*** Opening Provided records ***

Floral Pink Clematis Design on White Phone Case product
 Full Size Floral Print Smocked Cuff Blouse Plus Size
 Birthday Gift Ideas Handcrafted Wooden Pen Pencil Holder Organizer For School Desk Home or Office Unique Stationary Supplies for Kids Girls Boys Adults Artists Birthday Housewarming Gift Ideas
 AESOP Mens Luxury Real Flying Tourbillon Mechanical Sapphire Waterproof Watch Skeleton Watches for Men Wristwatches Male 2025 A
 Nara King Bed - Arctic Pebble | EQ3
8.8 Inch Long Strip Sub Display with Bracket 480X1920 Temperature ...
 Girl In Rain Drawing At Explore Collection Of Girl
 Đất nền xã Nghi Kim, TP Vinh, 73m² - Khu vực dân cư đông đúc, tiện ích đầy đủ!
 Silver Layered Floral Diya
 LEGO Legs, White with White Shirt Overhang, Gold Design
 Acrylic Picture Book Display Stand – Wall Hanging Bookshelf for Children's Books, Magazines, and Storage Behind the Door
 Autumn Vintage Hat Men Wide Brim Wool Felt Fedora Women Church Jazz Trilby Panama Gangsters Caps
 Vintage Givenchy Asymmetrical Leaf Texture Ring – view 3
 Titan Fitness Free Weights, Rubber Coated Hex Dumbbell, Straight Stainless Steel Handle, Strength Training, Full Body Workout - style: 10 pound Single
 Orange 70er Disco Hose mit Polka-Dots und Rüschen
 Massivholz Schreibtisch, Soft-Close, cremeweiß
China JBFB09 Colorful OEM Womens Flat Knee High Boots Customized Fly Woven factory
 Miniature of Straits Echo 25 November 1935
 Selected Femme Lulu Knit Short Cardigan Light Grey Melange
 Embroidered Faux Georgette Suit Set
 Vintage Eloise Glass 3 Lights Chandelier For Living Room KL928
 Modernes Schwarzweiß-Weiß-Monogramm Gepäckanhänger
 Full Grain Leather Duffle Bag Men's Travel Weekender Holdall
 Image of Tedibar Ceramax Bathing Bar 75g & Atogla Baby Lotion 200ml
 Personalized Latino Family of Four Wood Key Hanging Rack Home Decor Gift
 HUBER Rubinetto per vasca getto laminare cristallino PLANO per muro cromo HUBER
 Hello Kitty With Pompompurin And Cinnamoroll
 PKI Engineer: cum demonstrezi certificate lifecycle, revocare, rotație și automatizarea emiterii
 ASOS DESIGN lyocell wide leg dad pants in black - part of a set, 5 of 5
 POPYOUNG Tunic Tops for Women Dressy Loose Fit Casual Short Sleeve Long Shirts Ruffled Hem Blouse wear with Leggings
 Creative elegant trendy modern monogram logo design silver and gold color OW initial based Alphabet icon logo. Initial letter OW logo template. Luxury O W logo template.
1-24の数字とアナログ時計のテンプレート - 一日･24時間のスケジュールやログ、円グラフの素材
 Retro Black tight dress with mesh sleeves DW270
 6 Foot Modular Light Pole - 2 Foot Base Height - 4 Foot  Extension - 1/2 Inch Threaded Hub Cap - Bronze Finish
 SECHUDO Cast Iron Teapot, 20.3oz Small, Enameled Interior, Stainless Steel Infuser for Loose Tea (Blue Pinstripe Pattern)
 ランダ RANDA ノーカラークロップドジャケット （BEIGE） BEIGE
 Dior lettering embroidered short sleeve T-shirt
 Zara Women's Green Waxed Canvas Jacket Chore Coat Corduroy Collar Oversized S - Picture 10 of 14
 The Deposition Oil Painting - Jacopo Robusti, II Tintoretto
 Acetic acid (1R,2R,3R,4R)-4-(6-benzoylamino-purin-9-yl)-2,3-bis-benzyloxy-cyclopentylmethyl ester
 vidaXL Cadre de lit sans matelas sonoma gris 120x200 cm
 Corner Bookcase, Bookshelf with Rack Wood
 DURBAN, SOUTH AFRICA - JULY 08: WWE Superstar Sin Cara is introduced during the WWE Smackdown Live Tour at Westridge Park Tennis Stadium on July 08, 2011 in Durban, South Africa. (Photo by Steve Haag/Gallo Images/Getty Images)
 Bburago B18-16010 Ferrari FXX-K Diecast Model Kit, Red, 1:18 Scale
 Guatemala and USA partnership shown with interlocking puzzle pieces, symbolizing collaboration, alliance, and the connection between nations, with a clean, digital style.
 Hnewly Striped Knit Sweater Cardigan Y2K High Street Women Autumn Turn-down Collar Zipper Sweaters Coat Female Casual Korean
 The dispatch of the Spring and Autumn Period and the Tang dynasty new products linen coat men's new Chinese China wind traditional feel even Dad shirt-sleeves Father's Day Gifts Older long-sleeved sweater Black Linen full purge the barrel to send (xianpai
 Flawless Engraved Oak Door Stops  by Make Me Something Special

*** Closing Provided records ***

# [Task instructions]
Within the entries above, find the string "Home" and return each line that holds it.

# [Answer area]
 Birthday Gift Ideas Handcrafted Wooden Pen Pencil Holder Organizer For School Desk Home or Office Unique Stationary Supplies for Kids Girls Boys Adults Artists Birthday Housewarming Gift Ideas
 Personalized Latino Family of Four Wood Key Hanging Rack Home Decor Gift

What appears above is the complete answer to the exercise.